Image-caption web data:

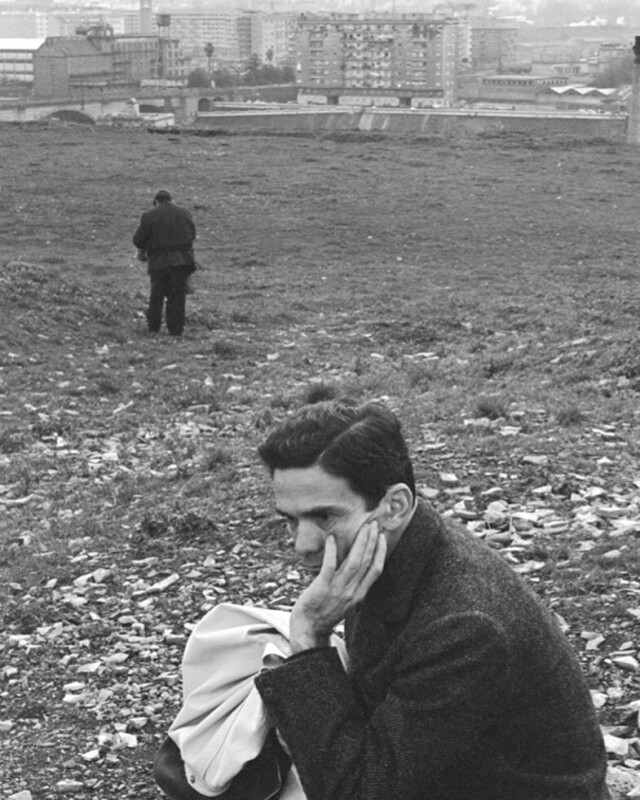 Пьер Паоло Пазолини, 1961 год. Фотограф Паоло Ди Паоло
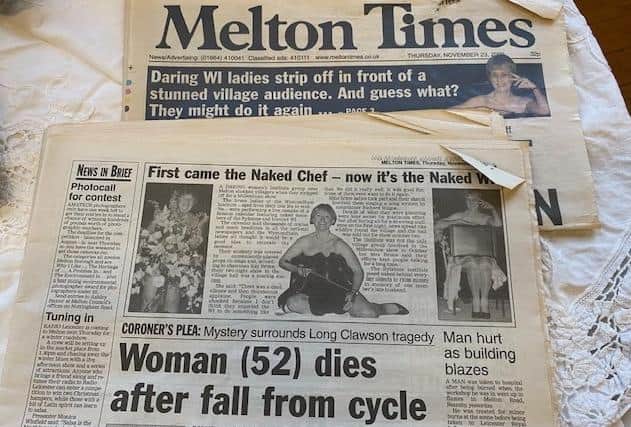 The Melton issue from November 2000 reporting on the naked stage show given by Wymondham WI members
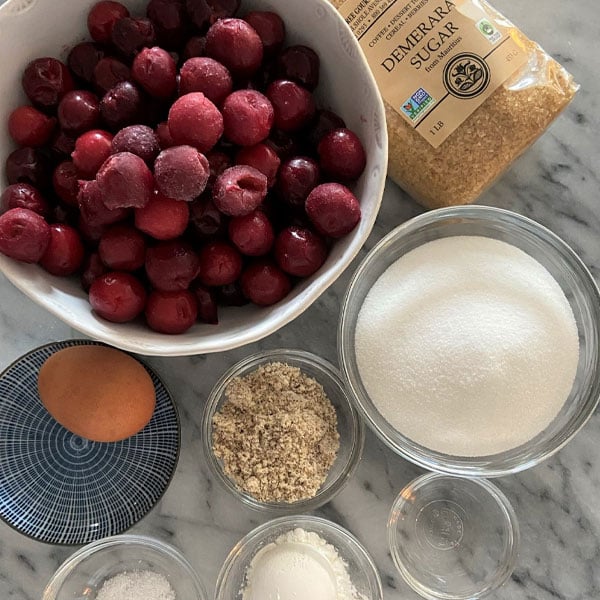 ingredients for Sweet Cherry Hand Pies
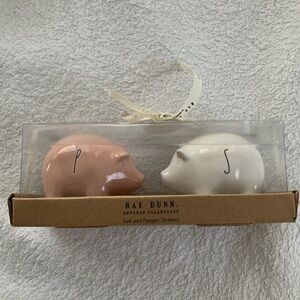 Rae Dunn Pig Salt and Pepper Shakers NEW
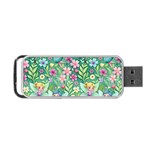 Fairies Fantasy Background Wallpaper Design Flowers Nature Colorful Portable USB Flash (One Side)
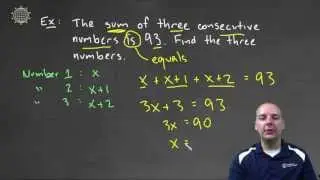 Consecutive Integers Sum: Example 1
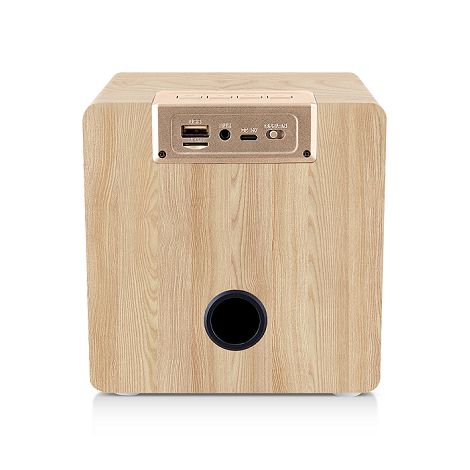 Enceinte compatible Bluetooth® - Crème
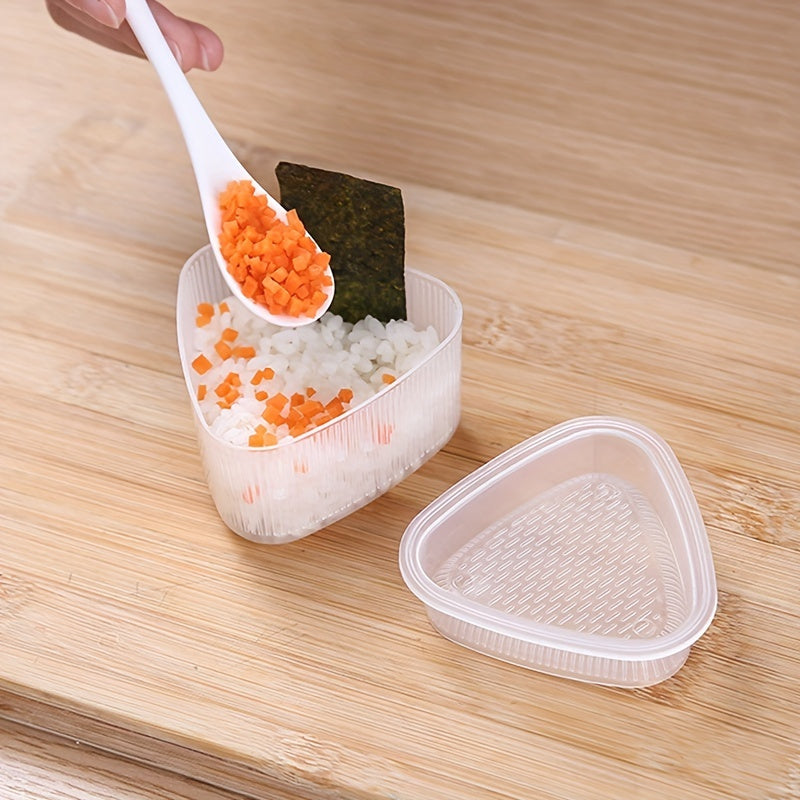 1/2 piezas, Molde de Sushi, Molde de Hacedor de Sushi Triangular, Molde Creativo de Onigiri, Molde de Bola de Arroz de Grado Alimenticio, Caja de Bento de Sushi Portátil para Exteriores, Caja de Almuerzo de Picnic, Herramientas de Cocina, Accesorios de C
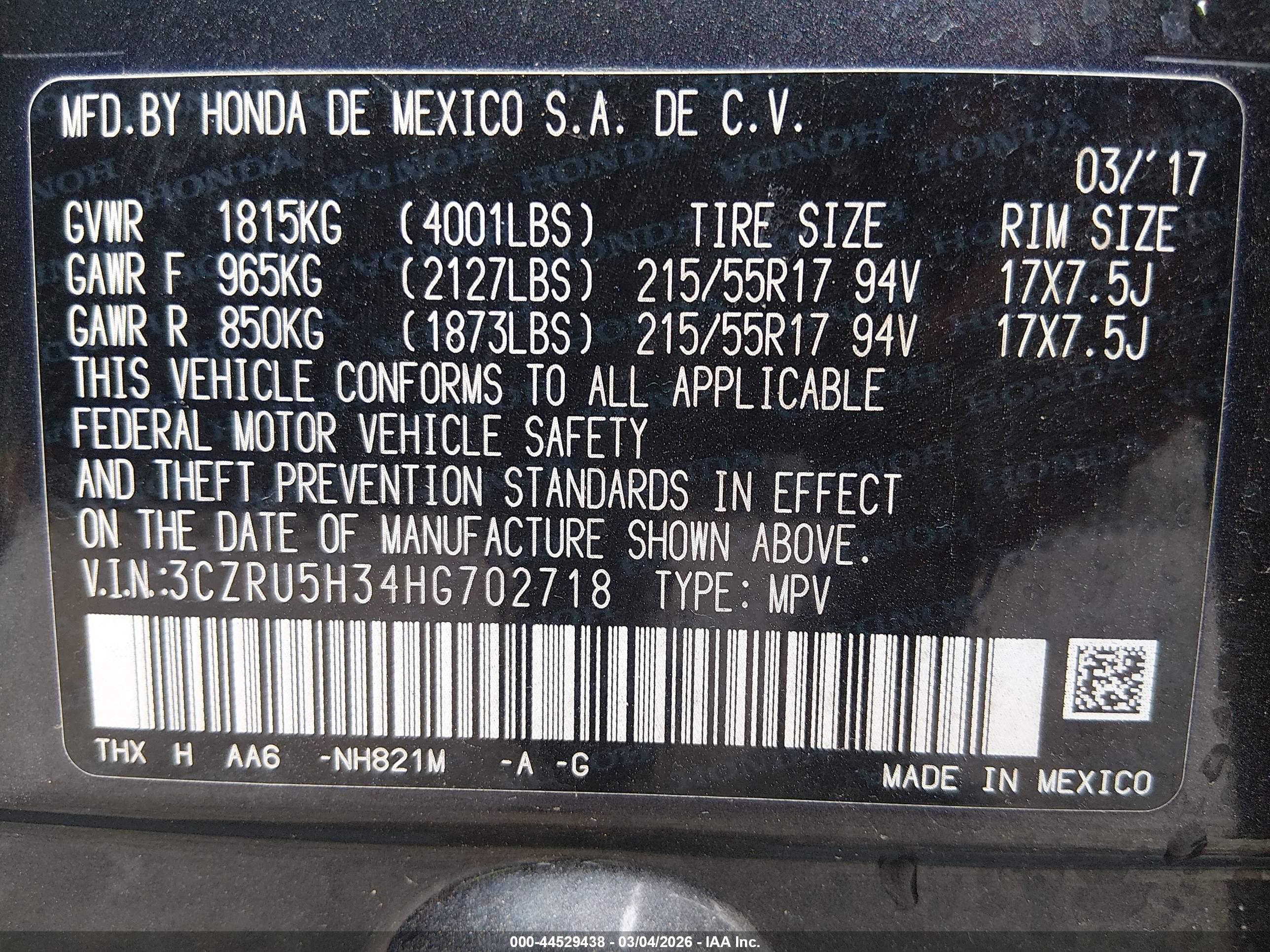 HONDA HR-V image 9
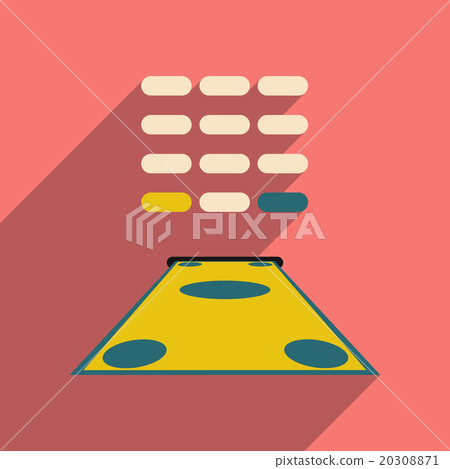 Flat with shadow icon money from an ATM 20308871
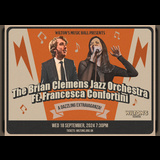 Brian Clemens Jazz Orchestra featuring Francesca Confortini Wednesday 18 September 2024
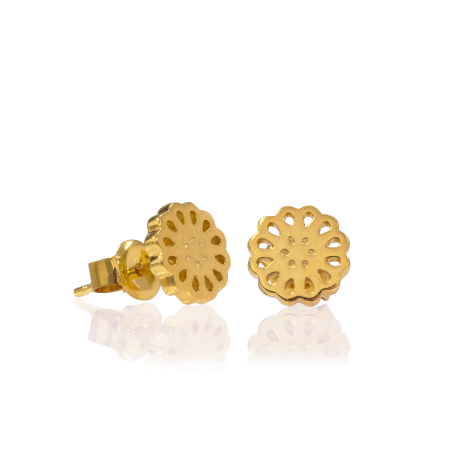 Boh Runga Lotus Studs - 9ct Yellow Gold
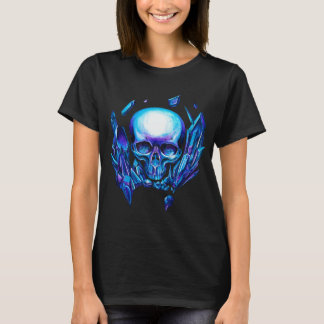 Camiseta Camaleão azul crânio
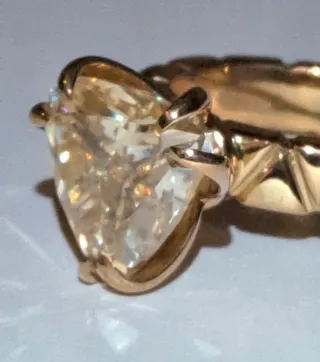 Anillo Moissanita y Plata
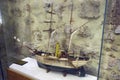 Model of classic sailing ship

■ **Task description**: Transcribe exactly the lines from the one with "Boh Runga Lotus Studs - 9ct Yellow Gold" to the last line of the records, both included, so that no picture appears in the copy.

■ **Response box**:
 Boh Runga Lotus Studs - 9ct Yellow Gold
 Camiseta Camaleão azul crânio
 Anillo Moissanita y Plata
 Model of classic sailing ship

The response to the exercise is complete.